Question 1: What is reproduction?
Answer: The biological process through which an organism gives rises to young ones (offspring) similar to itself, is called reproduction.
Question 2: What are the different types of reproduction? Explain each type in brief.
Answer: There are two types of reproduction, viz. asexual reproduction and sexual reproduction.
Asexual Reproduction: When a single parent participates in reproduction, and gamete formation does not take place; it is called asexual reproduction. Offspring which are produced by means of asexual reproduction are identical or clones to their parent.
Sexual Reproduction: When two parents (of opposite sexes) participate in reproduction, and gamete formation takes place; it is called sexual reproduction. In some examples of sexual reproduction, a single parent may produce both the male and female gametes and participate in reproduction.
Question 3: What do you understand by binary fission?
Answer: Binary fission is a type of asexual reproduction. This method is common in unicellular organisms. In this method, the mother cell undergoes mitotic cell division to produce two daughter cells. Binary fission is seen in Protista and Monera.
Question 4: What do you understand by budding?
Answer: This is a type of asexual reproduction. Reproduction by budding can be seen in yeast. In this method, the cell undergoes unequal division and produces small buds. The buds separate from mother cell on maturation and start life as new individuals.
Question 5: What is spore formation?
Answer: Spore formation is a method of asexual reproduction. Some species of algae and fungi reproduce by spore formation. Special asexual reproductive structures are formed in these organisms. Zoospores are the most common structure among such asexual reproductive structures. Zoospore is usually a microscopic motile structure.
Question 6: What is vegetative propagation?
Answer: When reproduction takes place through vegetative parts rather than reproductive parts in these plants, it is termed as vegetative propagation. In this method, a new plant is produced from roots, leaves or stems. Examples of vegetative propagules are; eyes of potato, rhizome of ginger, bulbil of agave, leaf buds of bryophyllum, offset of water hyacinth, etc.

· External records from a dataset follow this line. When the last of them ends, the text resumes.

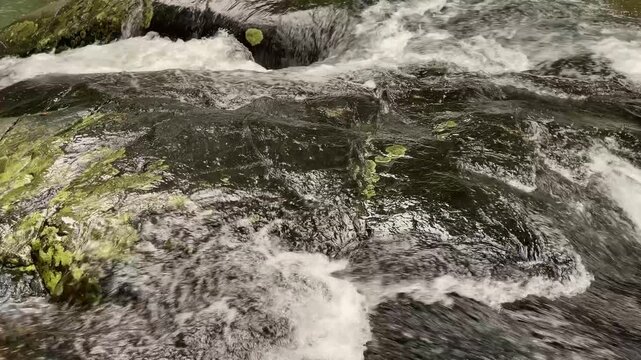 Close view of thin waterfall flow sliding over dark wet rock with foam moss and round leaves at Salakot Falls in Puerto Princesa Palawan Philippines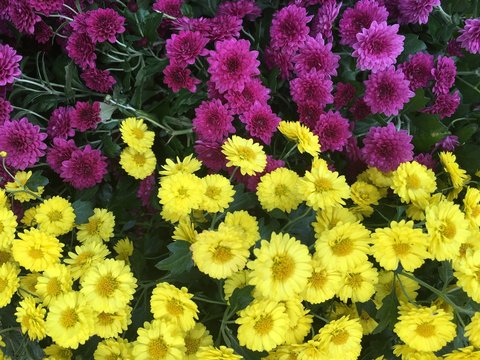 colorful flowers in the garden background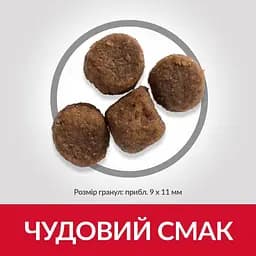 Сухий корм Hill’s SP Puppy Medium Breed для цуценят середніх порід з куркою 14 кг - мініатюра 4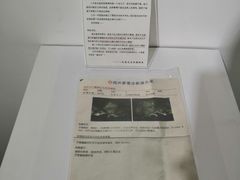 -成都失恋馆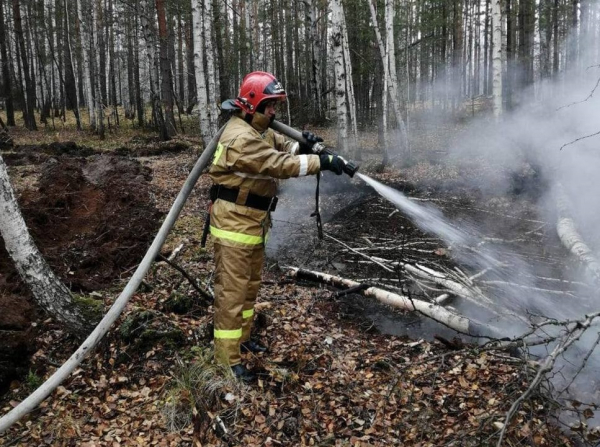 В Тюменской области действуют 115 постов региональной противопожарной службы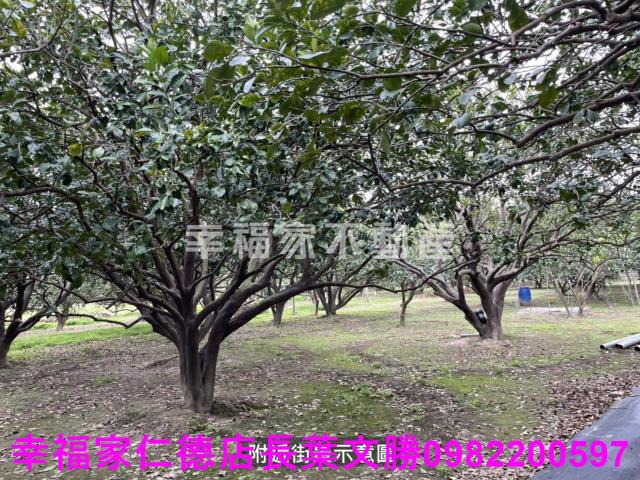 麻豆農地-1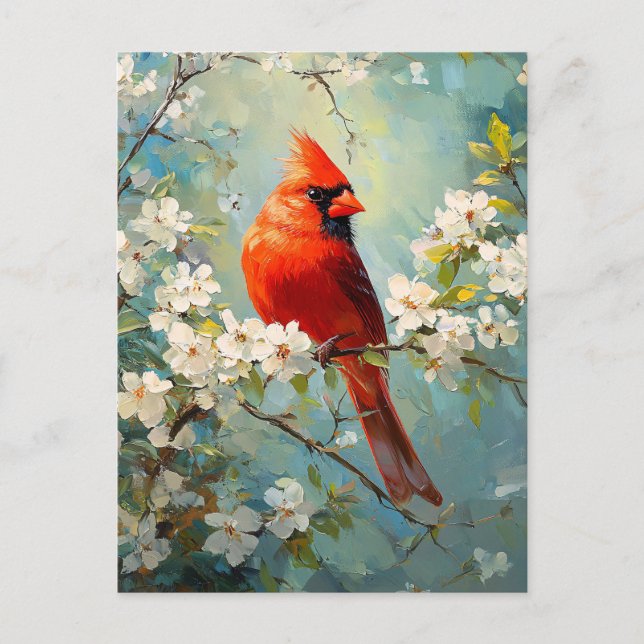 Cardinal White Blossoming Flowers Art Postcard (Front)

Question 7: What is juvenile phase?
Answer: The period of growth before onset of sexual maturity is called juvenile phase. This phase is called vegetative phase in plants.

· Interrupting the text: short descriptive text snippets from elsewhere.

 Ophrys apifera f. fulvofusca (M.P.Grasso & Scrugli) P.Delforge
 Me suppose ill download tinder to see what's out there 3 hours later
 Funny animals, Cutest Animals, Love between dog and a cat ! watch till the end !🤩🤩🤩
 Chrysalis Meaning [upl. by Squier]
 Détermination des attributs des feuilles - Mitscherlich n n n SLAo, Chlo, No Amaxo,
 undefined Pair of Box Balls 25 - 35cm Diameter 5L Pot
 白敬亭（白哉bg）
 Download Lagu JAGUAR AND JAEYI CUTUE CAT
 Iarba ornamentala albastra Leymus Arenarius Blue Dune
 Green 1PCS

Question 8: What do you understand by oestrous cycle?
Answer: The cyclical changes in females of non-primates during reproductive phase are called oestrous cycle. In this case, the animal resorbs the endometrium in case pregnancy does not happen.

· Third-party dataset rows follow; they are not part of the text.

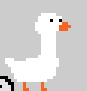 DuckStep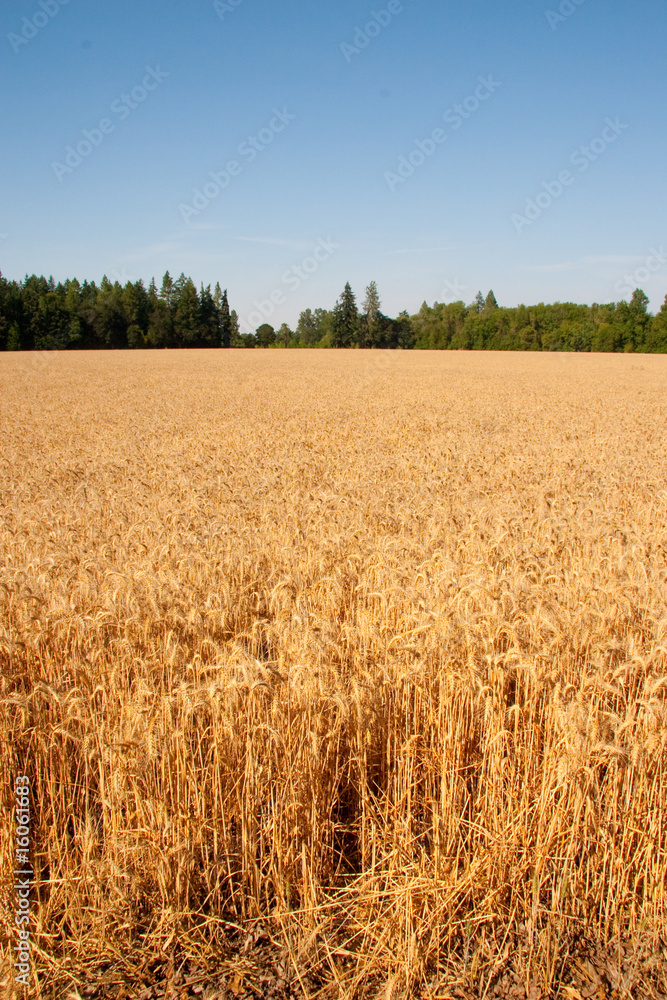 Wheat Field and Trees Wheat Field and Trees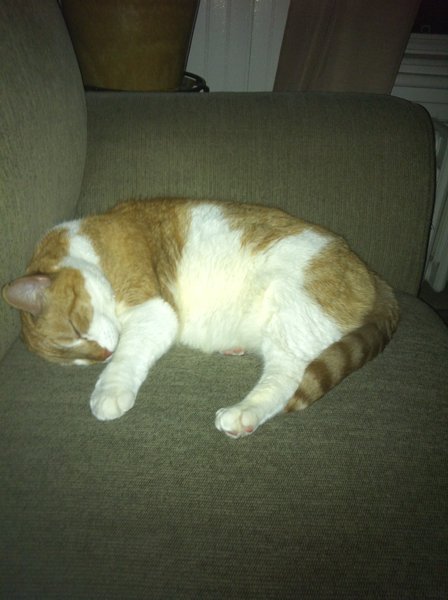 ../previews/039-Logan 079.jpg.medium.jpeg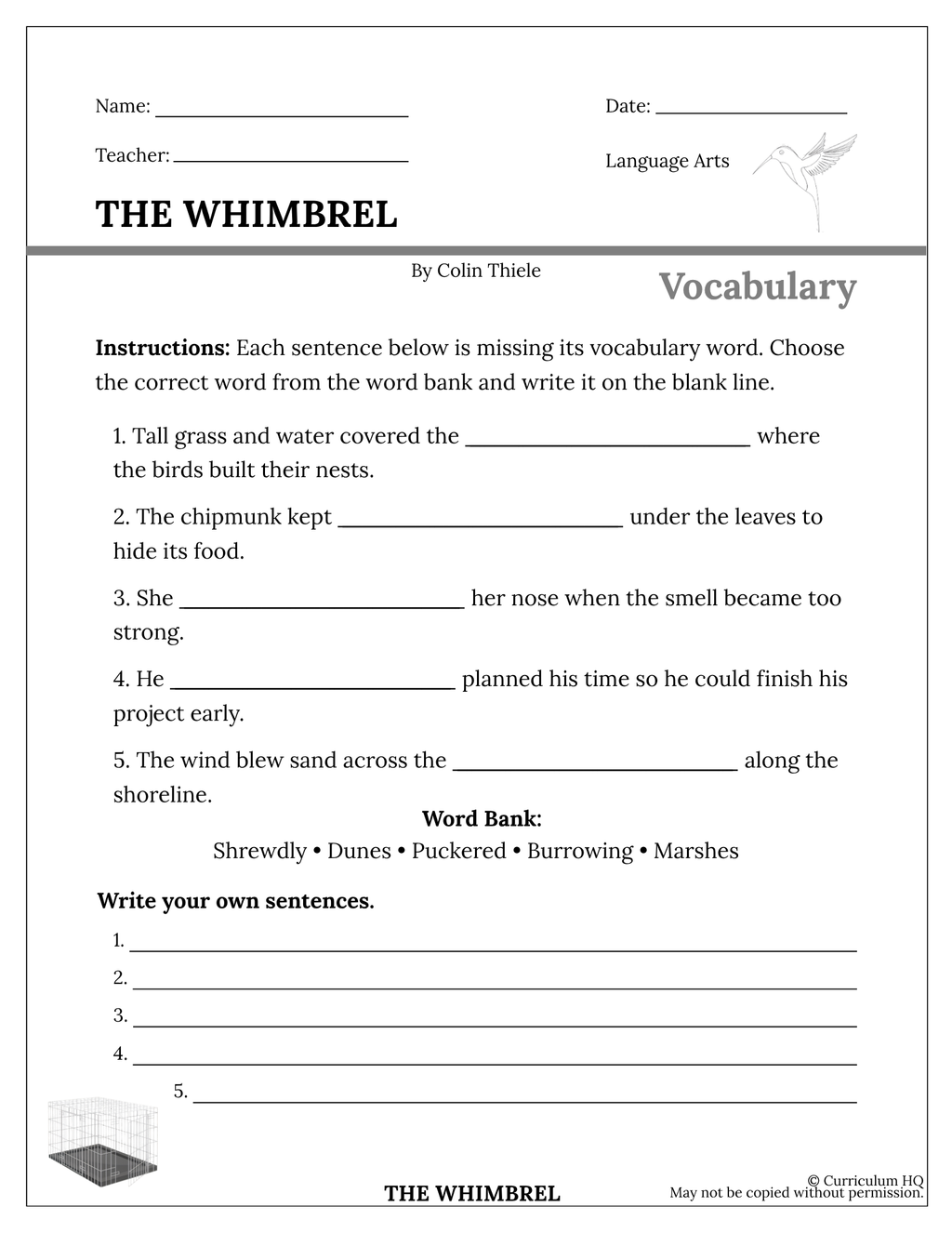 The Whimbrel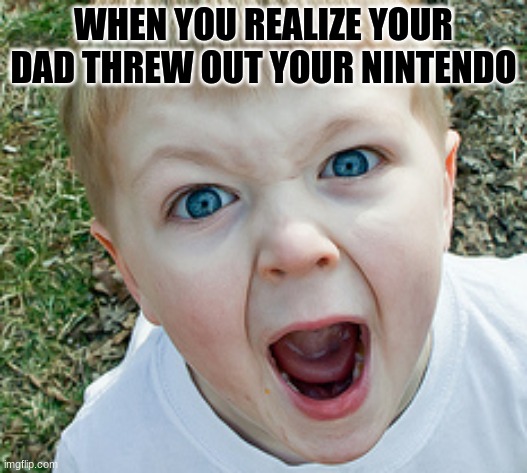 WHEN YOU REALIZE YOUR DAD THREW OUT YOUR NINTENDO | image tagged in screaming kid | made w/ Imgflip meme maker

Question 9: What is menstrual cycle?
Answer: The cyclical changes in females of primates during reproductive phase are called menstrual cycle. In this case, the animal sheds the endometrium in case pregnancy does not happen. Endometrium is shed in fragments along with blood by means of menstrual flow.
Question 10: Which are the key pre-fertilisation events?
Answer: Gametogenesis and gamete transfer
Question 11: What is isogamous condition?
Answer: In some species the two gametes are similar in appearance, and it is not possible to categorise them into male and female gametes. Such condition is called isogamous condition.
Question 12: What is anisogamous or heterogamous condition?
Answer: In majority of sexually reproducing organisms, the gametes are of two morphologically distinct types. Such condition is called anisogamous or heterogamous condition. The smaller gamete is the male gamete and is called antherozoid or sperm. The larger gamete is the female gamete and is called the egg or ovum.
Question 13: What is the difference between a staminate flower and a pistillate flower?
Answer: A staminate flower produces only the male gametes, while a pistillate flower produces only the female gamete.
Question 14: Why do organisms produce male gametes in significantly large numbers compared to the number of female gametes?
Answer: In most of the organisms, female gamete is stationary while the male gamete is motile. The male gamete needs to be physically brought near the female gamete to facilitate fertilization. During the process of transfer majority of male gametes are lost in transit. To compensate for this loss of male gametes during transport; organisms produce male gametes in several thousand times the number of female gametes produced.
Question 15: What is parthenogenesis?
Answer: The female gamete in some organisms develops to form a new organism without fertilization. This phenomenon is called parthenogenesis, e.g. some lizards, rotifers, honeybees and some birds (turkey).